[Collection entries]
<<<<
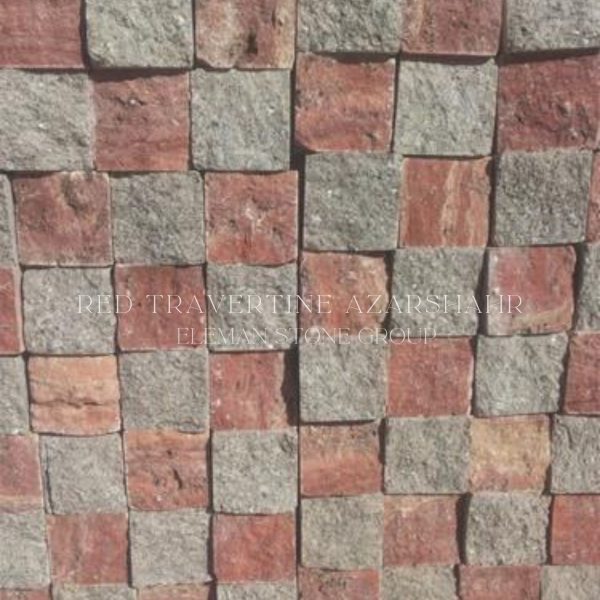 تراورتن قرمز آذرشهر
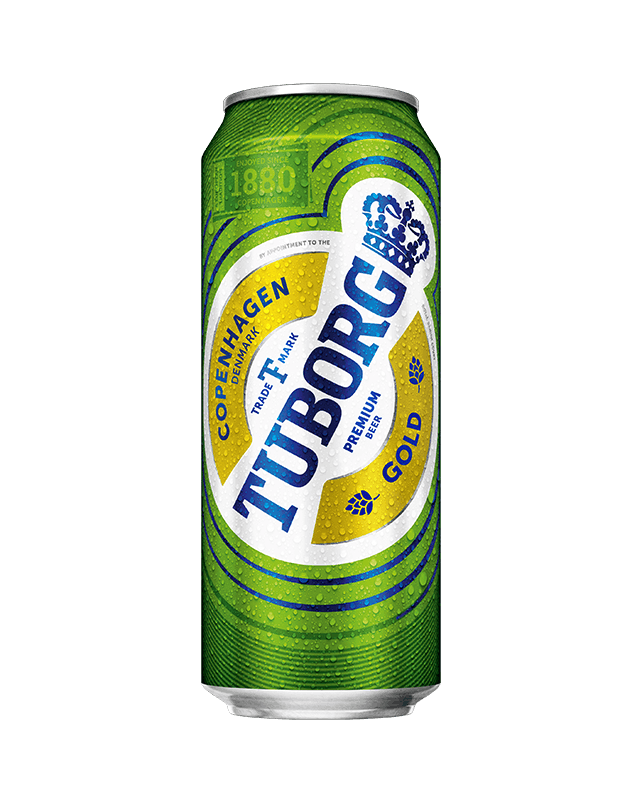 Tuborg Can 500ML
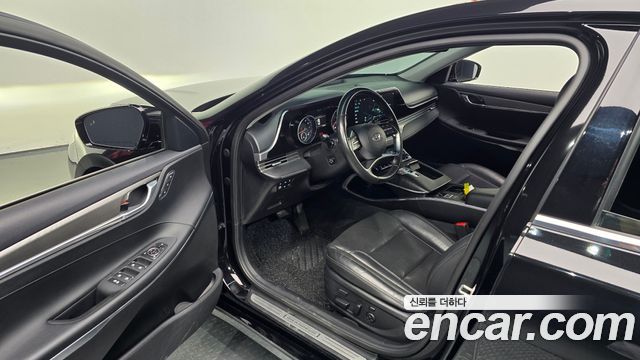Hyundai Grandeur 2022 — photo 11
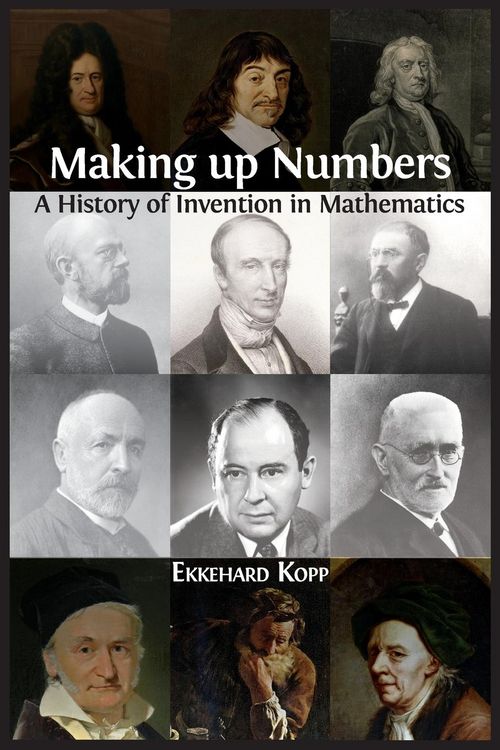 Produktbild: Making up Numbers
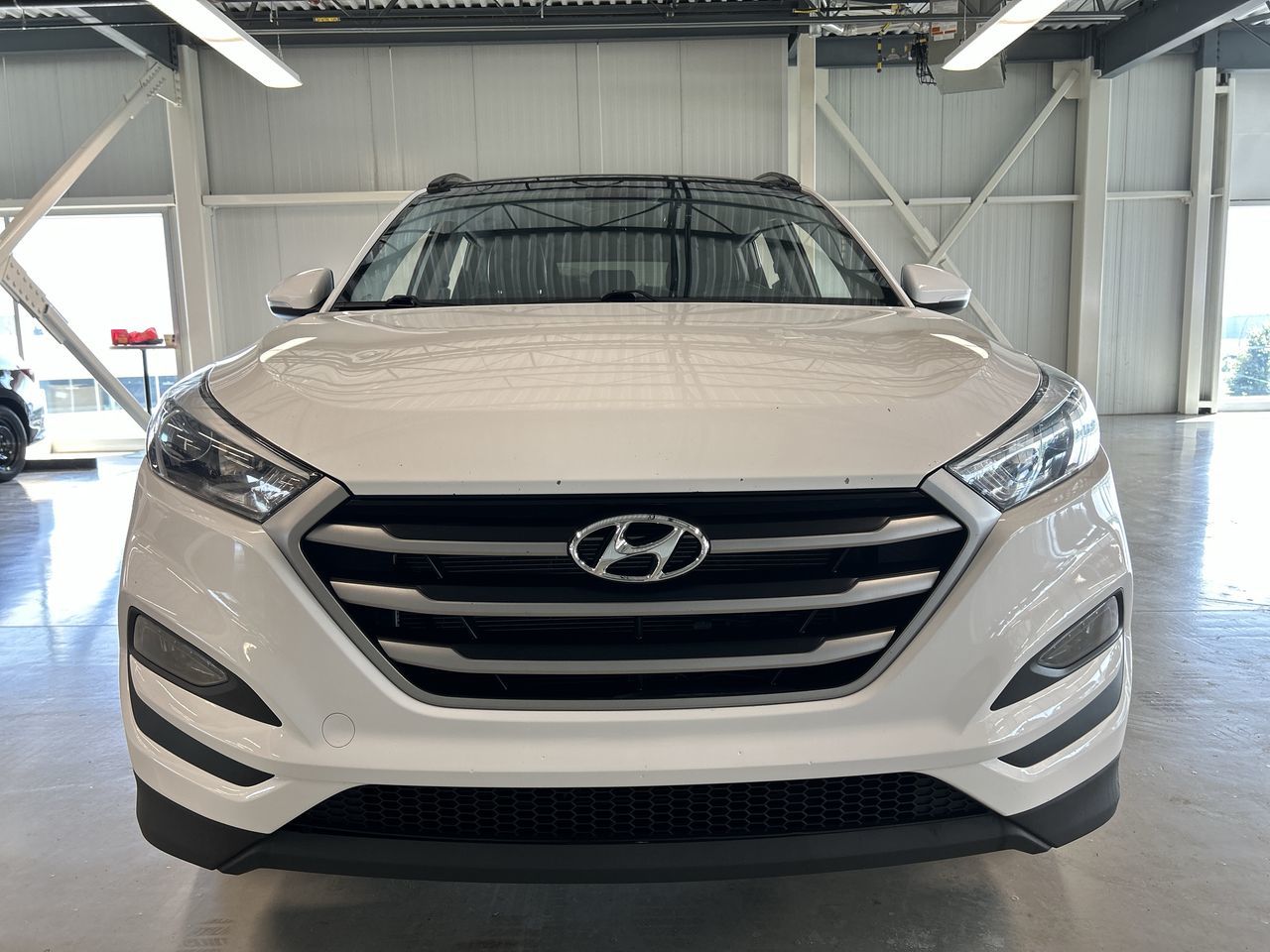 Hyundai Tucson  2018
>>>>
EXERCISE PROMPT:
Reproduce only the lines from the line that holds "Produktbild: Making up Numbers" through the end of the records, exactly as they stand, both ends included and pictures excluded.

RESULT OF THE TASK:
 Produktbild: Making up Numbers
 Hyundai Tucson  2018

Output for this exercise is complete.